As the PM has outlined, we need to root out abuse in our immigration system, and to this end we have already stopped more than 900 colleges from bringing both low-quality or sham students to the UK, who will not contribute to UK academic life and the research eco-system, demonstrating that student fraud will not be tolerated.
This will remain an important theme through the coming months. There is more that we need to do, and I am looking forward to seeing the results of the Home Office pilot, being taken forward with Oxford, Cambridge, Bath and Imperial. The pilot is testing how a streamlined process which simplifies visa applications and gives universities responsibility for eligibility checks could work.
Our approach to fake colleges isn’t just about migration numbers. It is also about maintaining the reputation of our HE sector. Low-quality providers don’t just damage the brand of this great sector. They also hold back social mobility and prevent young people, especially from disadvantaged backgrounds who may be over-represented at them, from realising their potential and reaping all the benefits they hope to gain from a university experience.
The Prime Minister has already said she wants Britain to work for everyone. Both secretaries of state that I work with share this strong vision, as do I.
We want all those with the potential and the ability to succeed to do so. And the HE sector plays an essential role in this.
We have already removed the artificial cap on student numbers, giving thousands more students the opportunity to enter HE, with demonstrable results.
Data for entry in 2016 shows that the application rate for 18-year-olds from disadvantaged backgrounds has never been higher, while UCAS data for the 2015 entry cycle shows a welcome increase in progression for the same group, including to the most selective institutions.
On top of this, the Office for Fair Access (OFFA) has agreed 183 access agreements for 2016 to 2017, with universities now planning to spend more than £745 million on measures to improve access and student success for these students.
HE’s presence in DfE will help facilitate closer ties between universities and schools to tackle issues such as raising attainment, building on the priority that we gave this in the government’s guidance to Les Ebdon, the Director of Fair Access, earlier this year – guidance which for the first time ensured that access agreements will target activity to those who have often been side-lined: white working-class boys and students with learning difficulties.

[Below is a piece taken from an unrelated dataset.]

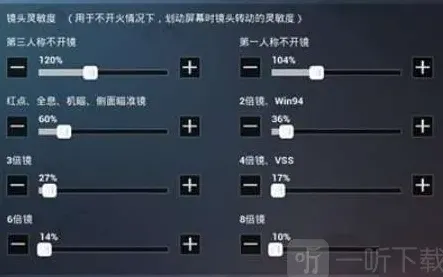 和平精英分享码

As I have said, UK universities rank among the very best in the world and our research base is of global envy. But to ensure that this high-quality education is accessible to all there is more to do. The Higher Education and Research Bill will make it easier for high-quality new providers to enter the sector, giving students more choices and opportunities, while the Teaching Excellence Framework, operated by the OfS, will ensure that institutions are rated and funded according to the quality of their teaching and outcomes from it, not just the number of students they teach.
I am also looking forward to seeing the report of UUK’s Social Mobility Advisory Group, which Nicola is leading, and has been doing important work on this issue. Nobody is suggesting that universities alone can fix the underlying social divisions in our country so starkly exposed by the Brexit outcome. But universities can and must contribute, and, with the power that you do have, I make no apology for urging all of you to make this a priority.
Together, we must respond to the challenges and opportunities presented by Brexit and the changing nature of our economy and the way that change affects different groups of society.
The government cannot do this without your continued help and guidance.
We need your help to do more to drive up quality so that all students can be confident that their investment in a university education has been worthwhile. As Ed Peck, VC of this great university has put it: “Universities must become more student-centric and outcome driven, alongside fulfilling a wider role as catalysts for social mobility on an industrial scale.” I could not agree more.
I look forward to working with you in the months ahead.